*** Material for this exercise Section Begins ***

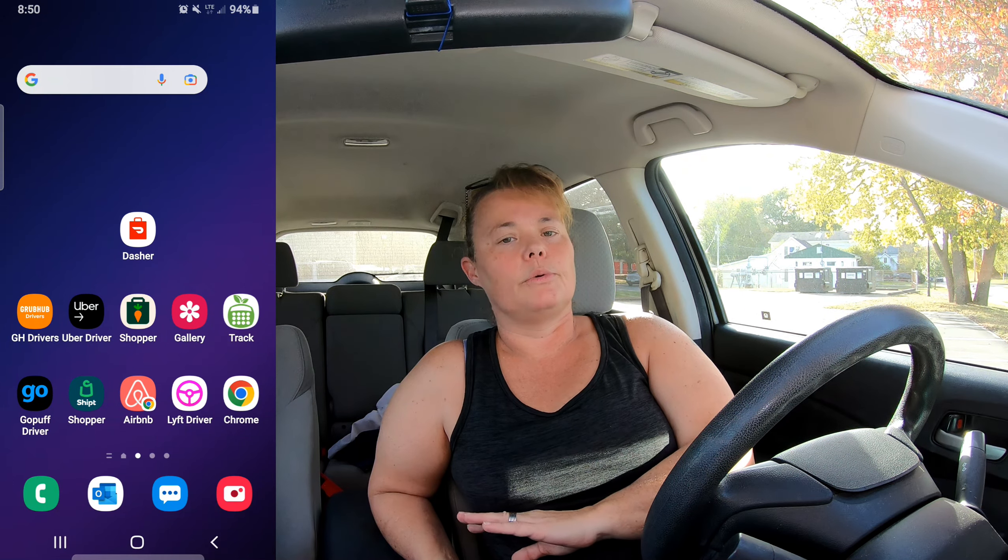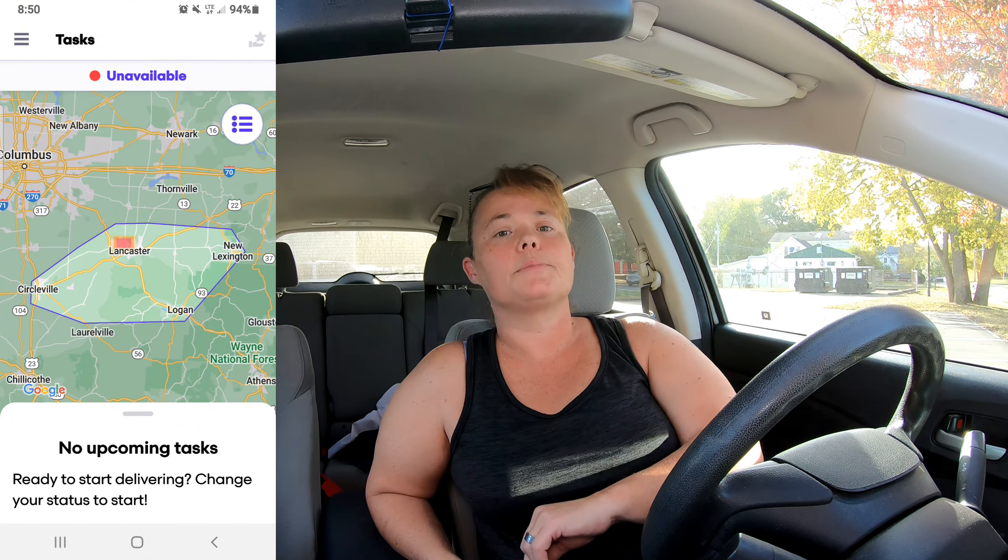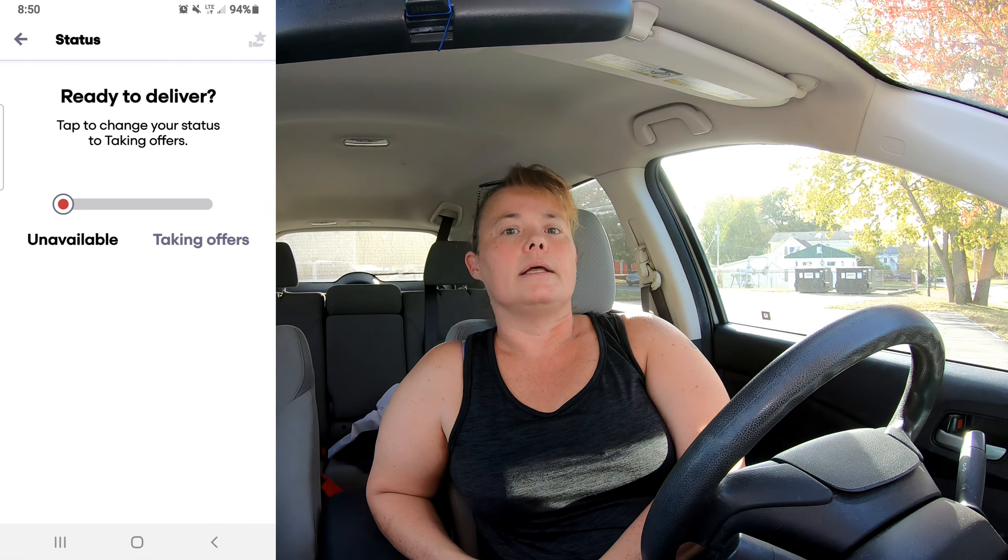First, go on Grubhub, apply, put your application in, go through the process, get approved, then download the Grubhub for Drivers app. Once you download that, open it up and log in. One thing to know about Grubhub — just because you're logged in does not mean you have started your shift or started your app to receive orders. You need to go to the top of the app where it says 'Unavailable,' tap that toggle over to 'Available,' hit the back button, and go back to your main screen. You are now ready to start receiving orders — it should say 'Available' where it said 'Unavailable' before.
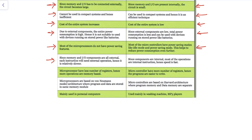Since memory and input/output components are external in a microprocessor, each instruction must be fetched from external memory, making overall operation relatively slow. In a microcontroller, memory and peripherals are on-chip, so fetching instructions does not take much time, increasing speed. Microprocessors have fewer registers so more operations are memory-based, while microcontrollers use more registers, improving CPU operations and reducing memory access.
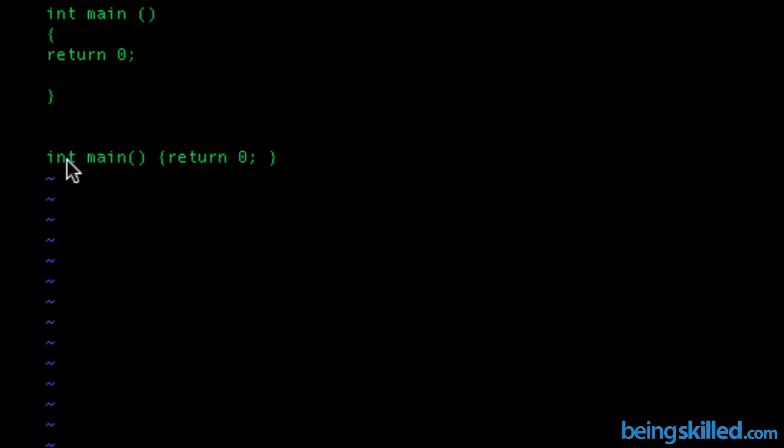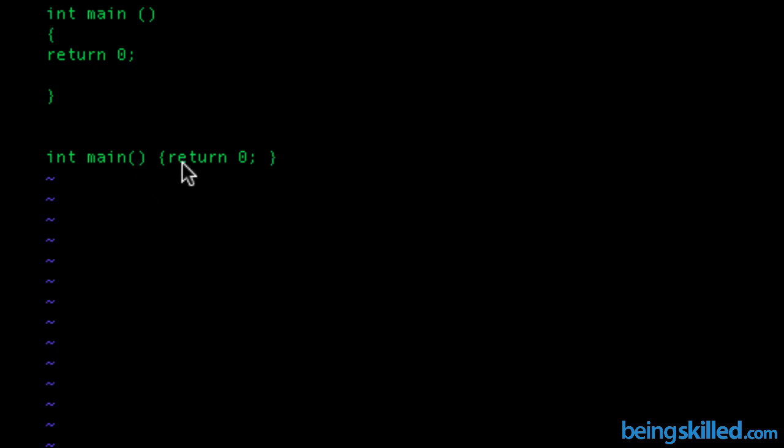everything is in a single line and we don't have extra spaces. Imagine if there are hundreds or thousands of lines, then eventually this program will become more unreadable,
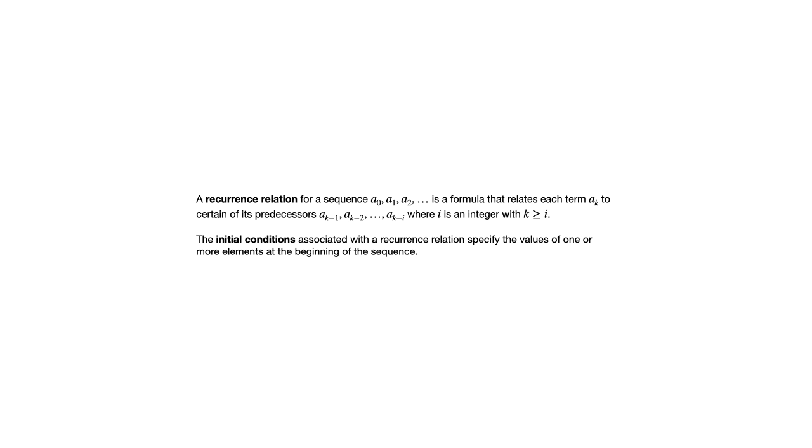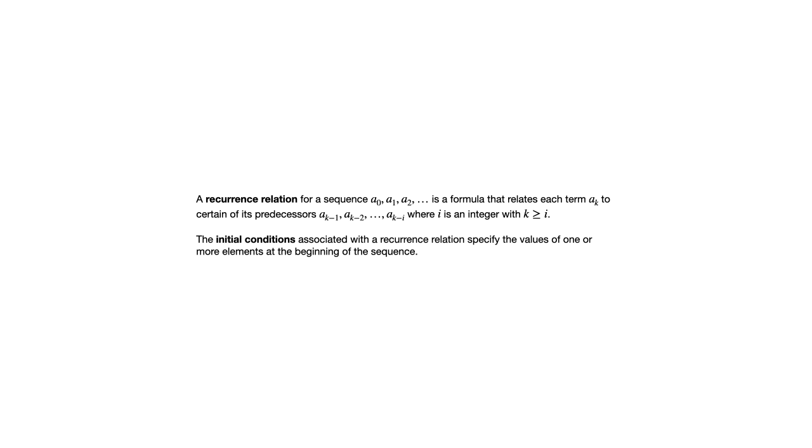Whenever you have a recurrence relation, you'll have something else called an initial condition. And an initial condition tells you how the sequence starts. Now it might give you one term, or it might give you more than one term. But the reason these two things have to go together is if a recurrence relation is telling you how terms are defined based on previous terms, well, you have to start somewhere. And if at the very beginning of the sequence, there are no previous terms. So that's why we need to at least know what the first term is, or perhaps the first few terms.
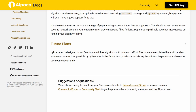Suggestions or questions — we're always happy to hear from you. You can contribute to these docs on GitHub, or you can join our community forum or community Slack to get help from other community members and the Alpaca team.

*** Material for this exercise Section Ends ***

#### Assigned task
For this answer, return word for word the lines from the first line of the records through the line containing "Since memory and". Omit the pictures.

#### Solution below
First, go on Grubhub, apply, put your application in, go through the process, get approved, then download the Grubhub for Drivers app. Once you download that, open it up and log in. One thing to know about Grubhub — just because you're logged in does not mean you have started your shift or started your app to receive orders. You need to go to the top of the app where it says 'Unavailable,' tap that toggle over to 'Available,' hit the back button, and go back to your main screen. You are now ready to start receiving orders — it should say 'Available' where it said 'Unavailable' before.
Since memory and input/output components are external in a microprocessor, each instruction must be fetched from external memory, making overall operation relatively slow. In a microcontroller, memory and peripherals are on-chip, so fetching instructions does not take much time, increasing speed. Microprocessors have fewer registers so more operations are memory-based, while microcontrollers use more registers, improving CPU operations and reducing memory access.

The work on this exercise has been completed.